Drawing by a Ugandan child from memory. Translated caption states, "Rebels are heading towards Sudan led by Otii Lagony and Lagira. Many people were captured and when one failed to walk was killed."

There was also a marked change in how the LRA perceived the conflict. Having become convinced that the Acholi were now collaborating with the Museveni government, Kony began to target the civilians using his increased military strength. Mutilations such as those carried out in the wake of the Arrow Group strategy became commonplace, and 1994 saw the first mass forced abduction of children and young people. Other militant groups, such as the West Nile Bank Front, adopted the LRA tactics of abductions and raids. The strategy of forced recruitment was prompted by the lack of new volunteers to continue the conflict, and the fact that the young could be indoctrinated to support the LRA much more easily than adults.

Furthermore, the LRA no longer had to spend much of its energies in the search for basic supplies now that they were supported by Sudan. The moral rationale was that since the Acholi adults had proven themselves untrustworthy, the LRA must cleanse the land of them and create a new society with the children. This philosophical approach, similar to that taken by the Khmer Rouge of Cambodia, has been referred to as "auto-genocide."

The attacks on civilians have at least three strategic objectives. First, to deny the government information about its movements by forcing the rural population to flee. Second, to gather resources from the looted villages. Third and most bizarrely, to show the populace that the government is unable or unwilling to provide protection, and thus encourage people to support to the LRA. While the lack of security has certainly embittered many Acholi, this has not translated into support for the LRA forces that are attacking them.

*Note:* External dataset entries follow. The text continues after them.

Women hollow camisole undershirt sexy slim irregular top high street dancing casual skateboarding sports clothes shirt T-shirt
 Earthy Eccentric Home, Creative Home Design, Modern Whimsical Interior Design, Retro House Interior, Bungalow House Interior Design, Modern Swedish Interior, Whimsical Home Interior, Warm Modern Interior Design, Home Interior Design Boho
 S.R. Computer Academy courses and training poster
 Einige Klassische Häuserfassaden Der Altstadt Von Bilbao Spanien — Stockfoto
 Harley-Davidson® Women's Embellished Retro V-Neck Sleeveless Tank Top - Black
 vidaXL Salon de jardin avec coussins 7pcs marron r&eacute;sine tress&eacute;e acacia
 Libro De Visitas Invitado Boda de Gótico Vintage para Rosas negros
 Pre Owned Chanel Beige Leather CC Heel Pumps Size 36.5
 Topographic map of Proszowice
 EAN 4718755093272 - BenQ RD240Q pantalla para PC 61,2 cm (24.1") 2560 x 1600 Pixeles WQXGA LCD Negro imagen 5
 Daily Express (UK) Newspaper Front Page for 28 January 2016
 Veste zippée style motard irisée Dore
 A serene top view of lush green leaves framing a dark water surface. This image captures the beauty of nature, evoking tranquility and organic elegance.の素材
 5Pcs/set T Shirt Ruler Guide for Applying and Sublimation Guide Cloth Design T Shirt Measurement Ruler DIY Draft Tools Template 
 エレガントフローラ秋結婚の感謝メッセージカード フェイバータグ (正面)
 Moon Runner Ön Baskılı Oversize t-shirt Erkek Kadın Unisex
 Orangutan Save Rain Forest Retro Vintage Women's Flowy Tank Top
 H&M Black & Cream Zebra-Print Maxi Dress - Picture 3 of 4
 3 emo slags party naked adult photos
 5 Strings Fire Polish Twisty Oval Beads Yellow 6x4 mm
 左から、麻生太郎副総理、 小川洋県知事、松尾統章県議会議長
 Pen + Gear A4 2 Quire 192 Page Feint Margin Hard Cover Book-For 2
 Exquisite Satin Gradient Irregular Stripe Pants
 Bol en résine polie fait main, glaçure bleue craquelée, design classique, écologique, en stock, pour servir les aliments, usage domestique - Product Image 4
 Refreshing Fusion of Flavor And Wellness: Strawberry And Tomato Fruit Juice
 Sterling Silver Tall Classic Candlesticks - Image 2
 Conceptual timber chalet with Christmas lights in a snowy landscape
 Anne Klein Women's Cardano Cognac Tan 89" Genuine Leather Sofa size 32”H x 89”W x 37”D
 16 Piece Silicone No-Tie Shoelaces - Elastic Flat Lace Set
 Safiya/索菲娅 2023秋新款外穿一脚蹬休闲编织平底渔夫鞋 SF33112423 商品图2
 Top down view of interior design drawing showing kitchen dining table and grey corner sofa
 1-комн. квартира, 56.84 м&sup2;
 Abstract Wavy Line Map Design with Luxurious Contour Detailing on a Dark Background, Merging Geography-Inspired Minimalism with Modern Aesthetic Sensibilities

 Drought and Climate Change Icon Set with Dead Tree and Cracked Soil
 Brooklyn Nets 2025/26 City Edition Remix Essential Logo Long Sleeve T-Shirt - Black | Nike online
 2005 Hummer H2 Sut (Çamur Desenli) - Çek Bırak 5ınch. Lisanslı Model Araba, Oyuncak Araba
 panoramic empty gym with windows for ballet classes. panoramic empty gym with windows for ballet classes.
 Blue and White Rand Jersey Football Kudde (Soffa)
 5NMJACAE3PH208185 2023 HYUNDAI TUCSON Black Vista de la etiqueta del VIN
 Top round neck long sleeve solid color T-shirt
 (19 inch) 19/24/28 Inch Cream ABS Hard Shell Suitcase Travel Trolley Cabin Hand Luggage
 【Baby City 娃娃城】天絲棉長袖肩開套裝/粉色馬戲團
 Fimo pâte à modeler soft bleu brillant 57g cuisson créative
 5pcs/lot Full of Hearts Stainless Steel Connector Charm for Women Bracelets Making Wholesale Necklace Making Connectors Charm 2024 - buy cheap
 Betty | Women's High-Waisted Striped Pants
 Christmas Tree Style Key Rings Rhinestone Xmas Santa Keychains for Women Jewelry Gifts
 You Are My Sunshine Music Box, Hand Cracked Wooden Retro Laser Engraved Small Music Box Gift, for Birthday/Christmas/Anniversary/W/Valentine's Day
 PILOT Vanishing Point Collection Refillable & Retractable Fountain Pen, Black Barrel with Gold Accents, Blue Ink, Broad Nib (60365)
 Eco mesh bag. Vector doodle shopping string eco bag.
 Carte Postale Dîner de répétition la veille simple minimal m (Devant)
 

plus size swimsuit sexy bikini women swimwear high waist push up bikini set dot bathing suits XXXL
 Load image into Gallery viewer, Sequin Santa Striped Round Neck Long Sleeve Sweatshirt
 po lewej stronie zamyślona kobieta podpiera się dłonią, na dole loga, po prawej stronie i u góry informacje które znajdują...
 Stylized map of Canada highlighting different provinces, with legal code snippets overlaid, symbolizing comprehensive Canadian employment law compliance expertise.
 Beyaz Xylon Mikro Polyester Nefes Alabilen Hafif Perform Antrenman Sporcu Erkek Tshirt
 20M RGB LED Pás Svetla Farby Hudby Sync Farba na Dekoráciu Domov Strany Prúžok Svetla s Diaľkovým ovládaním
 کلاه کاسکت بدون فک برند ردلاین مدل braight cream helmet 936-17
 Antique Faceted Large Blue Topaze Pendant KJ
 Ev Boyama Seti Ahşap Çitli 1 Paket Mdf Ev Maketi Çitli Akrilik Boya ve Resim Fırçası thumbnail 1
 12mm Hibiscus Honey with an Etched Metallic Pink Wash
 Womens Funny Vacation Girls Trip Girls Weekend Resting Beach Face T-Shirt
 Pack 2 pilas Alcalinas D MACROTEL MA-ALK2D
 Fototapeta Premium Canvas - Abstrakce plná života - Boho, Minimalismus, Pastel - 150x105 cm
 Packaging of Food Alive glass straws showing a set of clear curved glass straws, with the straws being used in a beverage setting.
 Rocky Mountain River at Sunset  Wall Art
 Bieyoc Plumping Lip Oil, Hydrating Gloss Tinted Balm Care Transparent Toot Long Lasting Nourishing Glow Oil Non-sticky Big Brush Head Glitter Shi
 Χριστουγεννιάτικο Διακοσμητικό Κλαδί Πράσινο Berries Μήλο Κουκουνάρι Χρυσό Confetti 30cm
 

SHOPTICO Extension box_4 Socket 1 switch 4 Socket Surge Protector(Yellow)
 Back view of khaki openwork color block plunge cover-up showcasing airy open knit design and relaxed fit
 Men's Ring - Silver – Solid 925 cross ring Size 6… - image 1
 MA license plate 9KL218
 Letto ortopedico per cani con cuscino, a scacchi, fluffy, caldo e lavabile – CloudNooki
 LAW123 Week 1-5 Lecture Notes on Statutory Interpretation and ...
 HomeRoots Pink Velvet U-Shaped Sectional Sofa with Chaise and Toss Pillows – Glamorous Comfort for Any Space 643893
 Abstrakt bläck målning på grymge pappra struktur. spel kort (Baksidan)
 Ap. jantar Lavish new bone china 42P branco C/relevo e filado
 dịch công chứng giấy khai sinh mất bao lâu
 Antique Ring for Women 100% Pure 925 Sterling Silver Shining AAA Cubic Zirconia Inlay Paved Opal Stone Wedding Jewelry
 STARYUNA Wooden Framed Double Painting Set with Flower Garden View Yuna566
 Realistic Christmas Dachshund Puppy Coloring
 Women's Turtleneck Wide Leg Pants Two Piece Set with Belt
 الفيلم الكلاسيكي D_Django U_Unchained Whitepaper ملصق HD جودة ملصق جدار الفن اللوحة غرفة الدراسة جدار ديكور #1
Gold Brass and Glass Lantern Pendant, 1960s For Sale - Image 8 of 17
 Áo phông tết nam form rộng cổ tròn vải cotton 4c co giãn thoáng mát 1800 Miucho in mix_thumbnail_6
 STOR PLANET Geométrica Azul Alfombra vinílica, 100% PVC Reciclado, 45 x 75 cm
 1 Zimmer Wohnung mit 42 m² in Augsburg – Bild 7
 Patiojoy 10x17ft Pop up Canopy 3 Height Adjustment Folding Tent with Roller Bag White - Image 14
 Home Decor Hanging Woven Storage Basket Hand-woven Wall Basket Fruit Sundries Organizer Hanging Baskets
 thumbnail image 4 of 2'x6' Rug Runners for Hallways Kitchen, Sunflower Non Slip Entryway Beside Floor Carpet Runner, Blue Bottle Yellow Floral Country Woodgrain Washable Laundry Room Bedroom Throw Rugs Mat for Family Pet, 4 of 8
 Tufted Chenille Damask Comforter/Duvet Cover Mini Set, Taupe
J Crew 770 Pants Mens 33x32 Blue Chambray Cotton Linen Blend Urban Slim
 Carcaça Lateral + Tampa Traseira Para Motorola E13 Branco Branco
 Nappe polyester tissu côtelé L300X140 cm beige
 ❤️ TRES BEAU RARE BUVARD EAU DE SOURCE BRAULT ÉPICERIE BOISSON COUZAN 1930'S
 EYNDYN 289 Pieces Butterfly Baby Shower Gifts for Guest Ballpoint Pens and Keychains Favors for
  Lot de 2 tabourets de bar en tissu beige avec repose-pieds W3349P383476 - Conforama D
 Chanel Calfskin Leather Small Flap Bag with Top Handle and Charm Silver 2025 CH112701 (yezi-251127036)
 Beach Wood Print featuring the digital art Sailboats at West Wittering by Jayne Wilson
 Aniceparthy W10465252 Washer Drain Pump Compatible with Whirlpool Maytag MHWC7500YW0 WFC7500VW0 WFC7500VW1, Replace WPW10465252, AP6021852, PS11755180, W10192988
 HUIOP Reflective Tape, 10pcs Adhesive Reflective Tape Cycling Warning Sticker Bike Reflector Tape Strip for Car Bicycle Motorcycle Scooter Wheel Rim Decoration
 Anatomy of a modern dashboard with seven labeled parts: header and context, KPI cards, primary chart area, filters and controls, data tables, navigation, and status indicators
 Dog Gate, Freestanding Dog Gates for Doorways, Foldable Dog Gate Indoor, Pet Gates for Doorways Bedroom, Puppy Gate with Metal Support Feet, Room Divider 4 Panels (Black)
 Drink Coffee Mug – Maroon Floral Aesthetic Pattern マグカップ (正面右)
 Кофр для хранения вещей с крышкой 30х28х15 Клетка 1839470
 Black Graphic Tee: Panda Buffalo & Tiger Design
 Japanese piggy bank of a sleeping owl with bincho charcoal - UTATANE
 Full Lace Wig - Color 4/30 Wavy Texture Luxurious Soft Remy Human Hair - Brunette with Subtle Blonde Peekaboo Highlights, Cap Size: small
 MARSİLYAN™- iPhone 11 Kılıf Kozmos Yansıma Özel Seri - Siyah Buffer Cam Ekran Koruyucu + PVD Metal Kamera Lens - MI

There were numerous incidents that occurred after Sudanese support and are exceptional because of the large number of victims, the identity of the victims, or the circumstances of the incident. On April 22, 1995, Atiak Trading Center in northern Gulu District was attacked and the Local Defense Forces routed. Over the course of the day between 170 and 220 civilians were killed in the absence of resistance from government forces.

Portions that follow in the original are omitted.